Berkeley Worms was founded in 1993 as ASUC Composting, an offshoot of the ASUC Recycling Collective. The ASUC Recycling Collective was a student group that operated for many years, and introduced recycling to the UC Berkeley Campus in the years before recycling was less accepted. Recycling has since been institutionalized, and is now run by Campus Recycling and Refuse Services. The start-up funds were obtained through grants from the Alameda County Waste Management Authority (ACWMA) and a few private foundations.

The start-up funds were used to buy a used F-350 dump truck, 35-gallon plastic bins to collect the waste in, other tools, and to allow free service to the dorms for a year. We've got soft, cushy jobs in comparison to those pioneering composters: A composter in those days would pick up the full plastic barrels of food waste in the dump truck, and drive them to the composting site at the Gill Tract. She would then don rubber boots, and dump some straw, woodchips, and a few barrels of food waste into a plastic mixing bin. Armed with a sharpened shovel, she would then manually chop and mix everything into a slurry. The slurry would then be made into windrows -- long, skinny hot compost piles. The windrows were turned manually at first, then later with a small Bobcat tractor, and manually once again when the Bobcat broke down.

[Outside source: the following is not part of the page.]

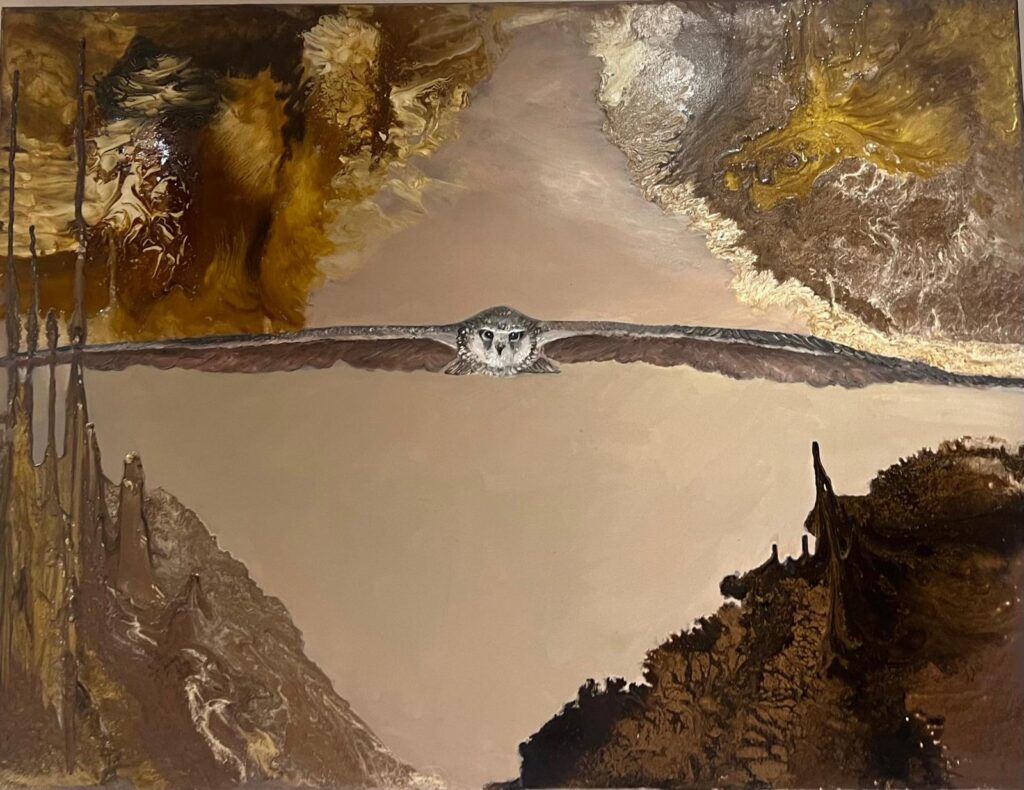 Wisdom Of The Floating Mountains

the ASUC Composting Collective in 1995

Here's a story of the sort of brave innovation that went on, courtesy of Phil Cornish:
Back then, we were picking up the barrels in the back of the dump truck, and we were talking about letting the food age -- precompost a bit -- before actually mixing it into the piles. We'd pick up on Mondays, Wednesdays, and Fridays, and we realized that if we started composting in the back of the dump truck, we would only have to drive to the site once a week. So, we constructed a divider in the middle of the dump truck bed, so we could fill the front half with food waste and store the barrels in the back half. We'd dump the food in the front half on Mondays and Wednesdays, then drive to the site on Fridays to dispose of it. So, four days a week our dump truck, which was parked on campus near the sports fields, had rotting food glop in it. To let the leachate drain out, we measured the slope on our parking space, and drilled a hole in the appropriate corner of the dump truck. Then we'd put a bucket underneath the hole to catch the leachate. The softball team wasn't too happy about the whole situation, especially when the leachate bucket would overflow 'cause we forgot to empty it. Eventually we gave up composting in the truck.

Some brilliant innovations they came up with are still with us -- the worms, for instance. The Vermitopias were designed by a few collective members including Degge Hays, based on a design known as the Oregon Soil Corporation Reactor (OSCR). They were made larger and easier to construct, and were described in Worm Digest, Issue 19. A sketch of how to make them is avaliable here. The bins were built with another grant from ACWMA, which also paid for our intial marketing outlay -- bags, a bag sealer, and so forth.